Suitable experimental factors can be selected by roughly considering pilot experiments without detailed experimental design. Following DoKnowMe, evaluators can use the experimental setup scenes clarified in the Taxonomy to try making up different experimental scenarios by combining candidate factors. Through this way, the factor selection eventually becomes determining experimental scenarios that have been constrained by the pre-specified evaluation requirement questions, as demonstrated in Section 3.1. Driven by separate experimental scenarios, different combinations of selected factors would be either independently involved in parallel experimental processes, or incrementally involved in a consecutive and/or recursive experimental process.
The output is one or more groups of selected experimental factors, corresponding to various factor combinations for designing different experiments.
3.7 Experimental Design
Once experimental factors are selected, evaluation experiments can subsequently be prepared and designed. Normally, a small scale of pilot experiments would benefit the relevant experimental design, for example, by helping evaluators get familiar with the experimental environment, optimize the experimental sequence, etc.
The elements of Experimental Design are specified as below.
The input here includes the selected metrics, benchmarks and experimental factors, and possible results and analyses from trial experiments.
DoKnowMe recognizes four consecutive activities during experimental design:
Evaluators design simple experiments based on pilot trials which includes developing codes/scripts for automatically preparing environments and driving benchmarks.
Evaluators use DOE techniques to design more complex experiments.
If necessary, evaluators modify experiments based on previous iteration experimental results and analyses.
Evaluators record and even characterize experiments for delivering the experimental design.
Designing simple experiments is based on pilot trials that act as a continuation of experimental factor selection.

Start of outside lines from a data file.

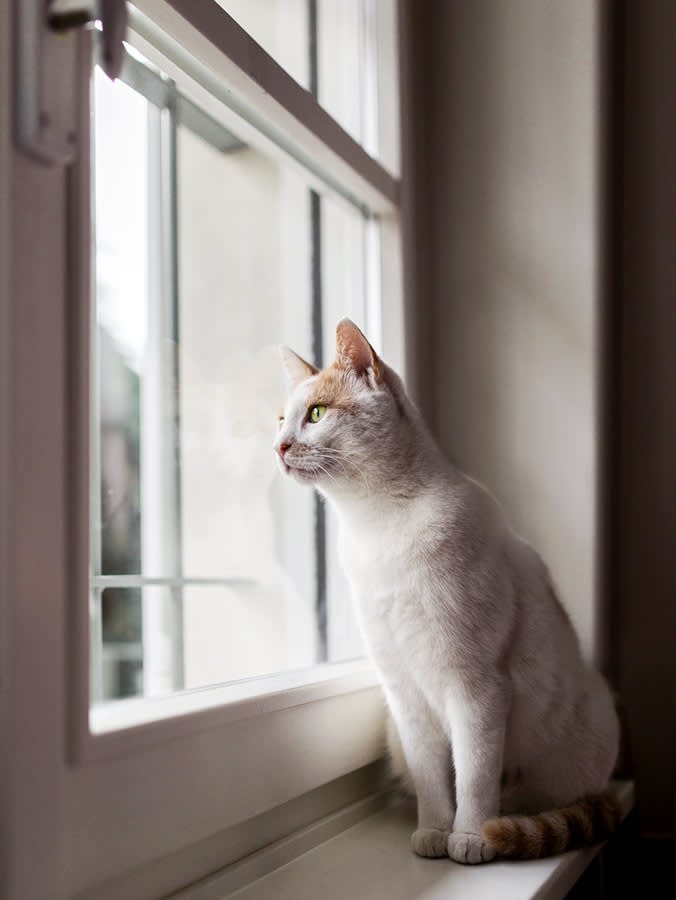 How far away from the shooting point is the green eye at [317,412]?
42.6 inches

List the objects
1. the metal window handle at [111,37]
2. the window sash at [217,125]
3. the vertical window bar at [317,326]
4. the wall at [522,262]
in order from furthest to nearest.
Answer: the wall at [522,262], the vertical window bar at [317,326], the window sash at [217,125], the metal window handle at [111,37]

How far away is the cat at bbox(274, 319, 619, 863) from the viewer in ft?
3.34

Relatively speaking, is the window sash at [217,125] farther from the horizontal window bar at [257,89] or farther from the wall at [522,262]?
the wall at [522,262]

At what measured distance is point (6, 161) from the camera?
64 cm

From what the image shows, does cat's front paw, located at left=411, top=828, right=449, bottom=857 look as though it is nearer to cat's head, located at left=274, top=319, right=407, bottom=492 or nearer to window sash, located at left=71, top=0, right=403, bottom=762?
window sash, located at left=71, top=0, right=403, bottom=762

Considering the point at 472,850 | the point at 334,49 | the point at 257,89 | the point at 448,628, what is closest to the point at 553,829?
the point at 472,850

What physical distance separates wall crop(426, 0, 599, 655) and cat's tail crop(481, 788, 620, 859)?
16.5 inches

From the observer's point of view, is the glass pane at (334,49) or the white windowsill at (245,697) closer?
the white windowsill at (245,697)

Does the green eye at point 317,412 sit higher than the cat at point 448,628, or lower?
higher

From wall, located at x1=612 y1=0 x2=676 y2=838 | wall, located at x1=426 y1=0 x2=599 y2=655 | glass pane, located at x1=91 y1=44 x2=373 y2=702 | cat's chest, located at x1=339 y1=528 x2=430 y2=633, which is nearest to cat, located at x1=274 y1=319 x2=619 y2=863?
cat's chest, located at x1=339 y1=528 x2=430 y2=633

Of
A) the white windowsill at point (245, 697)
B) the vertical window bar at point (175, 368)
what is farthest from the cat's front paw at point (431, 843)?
the vertical window bar at point (175, 368)

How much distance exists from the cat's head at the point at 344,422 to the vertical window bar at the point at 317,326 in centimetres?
31

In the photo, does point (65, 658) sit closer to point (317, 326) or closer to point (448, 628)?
point (448, 628)

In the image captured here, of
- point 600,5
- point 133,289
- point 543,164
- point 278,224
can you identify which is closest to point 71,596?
point 133,289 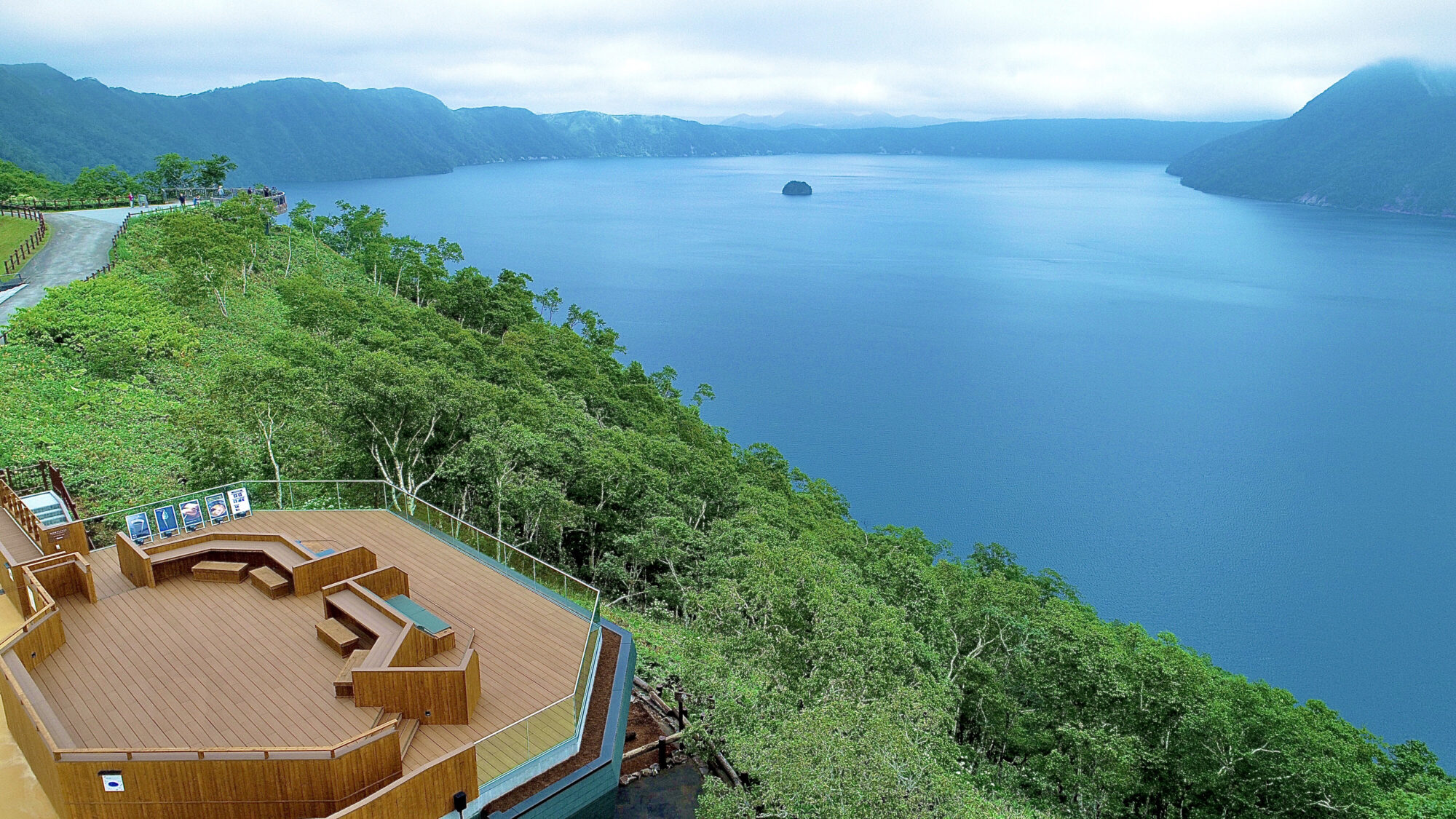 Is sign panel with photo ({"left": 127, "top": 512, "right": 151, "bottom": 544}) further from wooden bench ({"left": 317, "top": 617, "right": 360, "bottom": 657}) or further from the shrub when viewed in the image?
the shrub

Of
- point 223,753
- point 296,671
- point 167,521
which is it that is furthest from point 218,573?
point 223,753

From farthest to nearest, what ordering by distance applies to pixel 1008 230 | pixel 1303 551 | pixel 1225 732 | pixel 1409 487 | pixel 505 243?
pixel 1008 230 < pixel 505 243 < pixel 1409 487 < pixel 1303 551 < pixel 1225 732

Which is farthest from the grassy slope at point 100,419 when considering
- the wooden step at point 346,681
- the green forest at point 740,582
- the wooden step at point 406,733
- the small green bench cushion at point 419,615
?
the wooden step at point 406,733

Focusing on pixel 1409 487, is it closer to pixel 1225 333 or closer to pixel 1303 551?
pixel 1303 551

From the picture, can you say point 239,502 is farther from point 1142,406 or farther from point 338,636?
point 1142,406

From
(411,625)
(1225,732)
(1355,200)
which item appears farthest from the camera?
(1355,200)

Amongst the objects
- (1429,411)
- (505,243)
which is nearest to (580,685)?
(1429,411)

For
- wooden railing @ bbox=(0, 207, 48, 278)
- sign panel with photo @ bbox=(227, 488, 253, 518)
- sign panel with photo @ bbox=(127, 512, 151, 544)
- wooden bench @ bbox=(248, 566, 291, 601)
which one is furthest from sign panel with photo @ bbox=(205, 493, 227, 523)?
wooden railing @ bbox=(0, 207, 48, 278)

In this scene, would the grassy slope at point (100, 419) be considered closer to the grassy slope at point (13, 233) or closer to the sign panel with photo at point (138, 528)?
the sign panel with photo at point (138, 528) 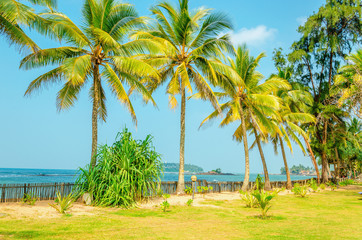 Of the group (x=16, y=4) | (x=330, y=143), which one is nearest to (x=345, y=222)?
(x=16, y=4)

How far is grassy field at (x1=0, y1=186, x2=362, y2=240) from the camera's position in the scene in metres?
6.83

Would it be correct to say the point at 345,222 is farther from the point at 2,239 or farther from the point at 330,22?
the point at 330,22

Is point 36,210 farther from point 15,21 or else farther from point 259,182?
point 259,182

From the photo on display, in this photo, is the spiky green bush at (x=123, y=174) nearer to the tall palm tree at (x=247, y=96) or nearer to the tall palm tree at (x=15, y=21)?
the tall palm tree at (x=15, y=21)

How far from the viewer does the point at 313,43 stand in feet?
94.1

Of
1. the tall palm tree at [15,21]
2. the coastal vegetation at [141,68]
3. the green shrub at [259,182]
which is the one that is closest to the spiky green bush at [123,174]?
the coastal vegetation at [141,68]

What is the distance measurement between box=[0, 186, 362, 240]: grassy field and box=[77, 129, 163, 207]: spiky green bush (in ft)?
3.16

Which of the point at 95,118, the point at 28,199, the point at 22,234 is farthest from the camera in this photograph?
the point at 95,118

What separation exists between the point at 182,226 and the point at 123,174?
13.0 ft

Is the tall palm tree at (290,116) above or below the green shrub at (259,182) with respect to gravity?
above

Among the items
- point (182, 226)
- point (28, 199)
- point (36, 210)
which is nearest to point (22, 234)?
point (36, 210)

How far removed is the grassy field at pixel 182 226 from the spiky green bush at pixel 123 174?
3.16ft

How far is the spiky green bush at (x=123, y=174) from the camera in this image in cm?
1123

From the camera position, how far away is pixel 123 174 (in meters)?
11.3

As previously mentioned, pilot trials are essentially the implementations of different experimental scenarios, while the experimental scenarios can be generated by using suitable experimental setup scenes listed in the Taxonomy.

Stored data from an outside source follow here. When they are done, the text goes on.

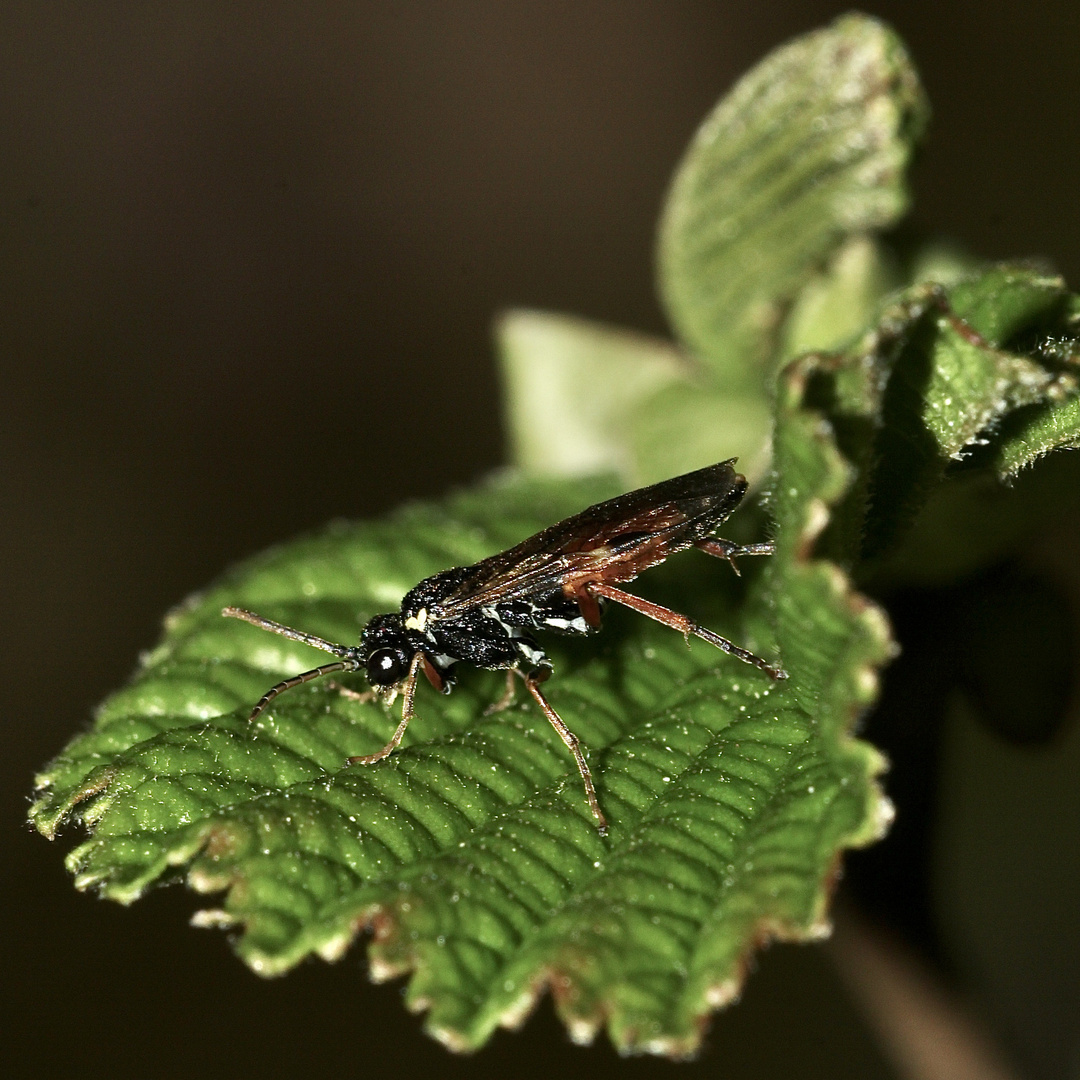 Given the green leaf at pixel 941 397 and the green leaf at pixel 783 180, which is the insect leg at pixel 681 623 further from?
the green leaf at pixel 783 180

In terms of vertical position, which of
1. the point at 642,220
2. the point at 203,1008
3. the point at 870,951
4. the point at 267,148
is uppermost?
the point at 267,148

When it comes to designing complex experiments, evaluators can select suitable DOE techniques integrated in DoKnowMe. For example, using operating characteristic (OC) curves to decide the sample size – number of replicates, or using full factorial design to facilitate identifying the most influential factor. In particular, three basic principles of DOE, namely Randomization, Replication, and Blocking , should be generally taken into account when designing experiments.
The designed experiments can be further characterized and recorded by building UML-style Experimental Blueprints. As a supplement to literal experimental instructions, evaluators can use experimental blueprints to facilitate discussions among different people, or facilitate “apple-to-apple” comparison between different evaluation experiments.

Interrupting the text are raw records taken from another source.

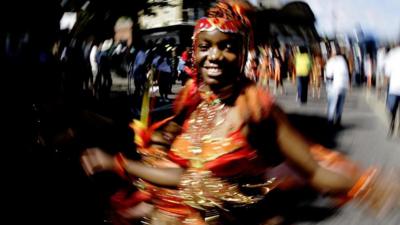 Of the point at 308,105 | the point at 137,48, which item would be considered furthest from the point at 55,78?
the point at 308,105

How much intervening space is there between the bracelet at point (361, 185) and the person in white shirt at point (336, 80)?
5426 mm

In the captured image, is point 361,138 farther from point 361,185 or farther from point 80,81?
point 361,185

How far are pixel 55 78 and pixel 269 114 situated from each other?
134 cm

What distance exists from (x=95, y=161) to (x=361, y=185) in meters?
0.96

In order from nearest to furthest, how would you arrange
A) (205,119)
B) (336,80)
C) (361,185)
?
(361,185) < (205,119) < (336,80)

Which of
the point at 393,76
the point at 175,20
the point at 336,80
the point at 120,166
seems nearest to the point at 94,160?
the point at 120,166

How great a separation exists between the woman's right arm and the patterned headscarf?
48 centimetres

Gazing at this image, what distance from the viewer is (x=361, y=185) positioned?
166cm

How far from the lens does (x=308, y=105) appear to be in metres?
Answer: 11.3

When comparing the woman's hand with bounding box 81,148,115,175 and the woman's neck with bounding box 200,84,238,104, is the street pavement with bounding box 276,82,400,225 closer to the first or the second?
the woman's neck with bounding box 200,84,238,104

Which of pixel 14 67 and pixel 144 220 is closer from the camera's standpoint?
pixel 144 220

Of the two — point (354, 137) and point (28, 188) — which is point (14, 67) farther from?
point (354, 137)

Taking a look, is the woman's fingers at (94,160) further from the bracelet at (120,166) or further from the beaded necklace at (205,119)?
the beaded necklace at (205,119)

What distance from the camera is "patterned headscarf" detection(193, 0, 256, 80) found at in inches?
67.1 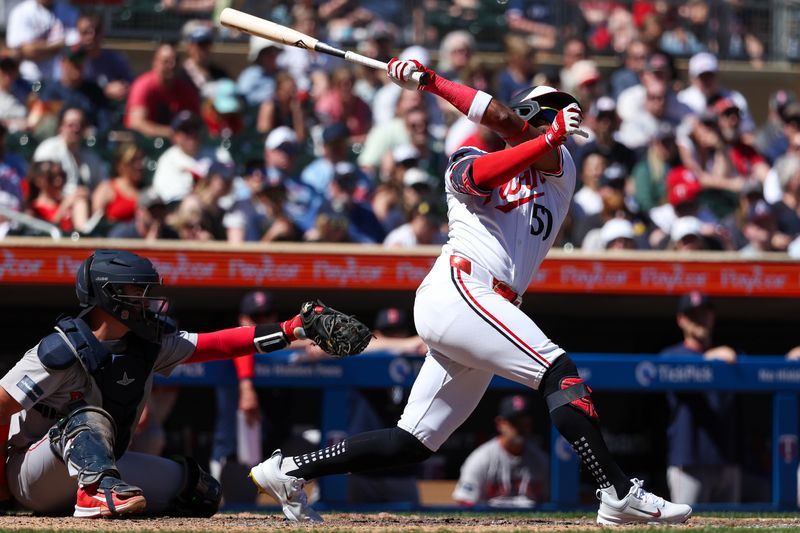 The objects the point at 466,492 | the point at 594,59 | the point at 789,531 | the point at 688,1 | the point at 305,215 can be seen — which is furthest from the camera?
the point at 688,1

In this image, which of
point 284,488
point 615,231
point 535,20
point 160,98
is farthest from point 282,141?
point 284,488

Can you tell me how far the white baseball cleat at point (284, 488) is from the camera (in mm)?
4750

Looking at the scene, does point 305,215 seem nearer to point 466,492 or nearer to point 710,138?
point 466,492

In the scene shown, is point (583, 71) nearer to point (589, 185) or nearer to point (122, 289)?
point (589, 185)

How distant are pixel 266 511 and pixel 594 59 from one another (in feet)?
21.5

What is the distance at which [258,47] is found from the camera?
34.3ft

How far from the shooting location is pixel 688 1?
1257 cm

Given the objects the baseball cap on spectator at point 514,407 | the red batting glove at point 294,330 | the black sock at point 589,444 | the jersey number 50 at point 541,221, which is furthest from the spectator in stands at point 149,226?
the black sock at point 589,444

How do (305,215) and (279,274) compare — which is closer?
(279,274)

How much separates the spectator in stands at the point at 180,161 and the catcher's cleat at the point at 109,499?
4460 mm

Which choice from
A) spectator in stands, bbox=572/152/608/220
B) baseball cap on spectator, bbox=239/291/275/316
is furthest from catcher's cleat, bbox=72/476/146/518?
spectator in stands, bbox=572/152/608/220

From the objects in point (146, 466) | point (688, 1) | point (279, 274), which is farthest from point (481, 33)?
point (146, 466)

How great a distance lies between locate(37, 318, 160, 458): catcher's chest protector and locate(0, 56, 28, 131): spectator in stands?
4.95 m

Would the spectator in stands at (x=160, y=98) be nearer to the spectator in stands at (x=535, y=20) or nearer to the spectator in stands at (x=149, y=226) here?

The output includes experimental instructions, experimental blueprints, and codes/scripts for preparing experiment environment and driving benchmarks.
Due to the space limit, here we only demonstrate a root blueprint at the top abstract level (cf. Figure 4) for evaluating a computing system. As explained in , this blueprint reflects the most generic reality of a system performance evaluation, i.e., “evaluating [capacity] of particular [computing resources] with particular [workload] driven by a set of [experimental operations]”.
3.8 Experimental Implementation
Implementing an experiment involves carrying out a series of experimental actions ranging from preparing experiment environment to running benchmarks. Since any error in the experimental procedure may spoil the validity of the experimental results, the implementation process should be monitored carefully to ensure that every detail of the experiments follows the design .
To help guide Experimental Implementation, DoKnowMe emphasizes specifying and automating experimental actions (e.g., repeat running benchmark for 24 hours) based on the design, and the elements of this step are specified as below.
The input of this step accepts the experimental design materials.
Evaluators record experiment environment (e.g., time and location), carry out the designed experiments and obtain experimental results. Based on their practical activities, evaluators further improve the automation of experimental actions.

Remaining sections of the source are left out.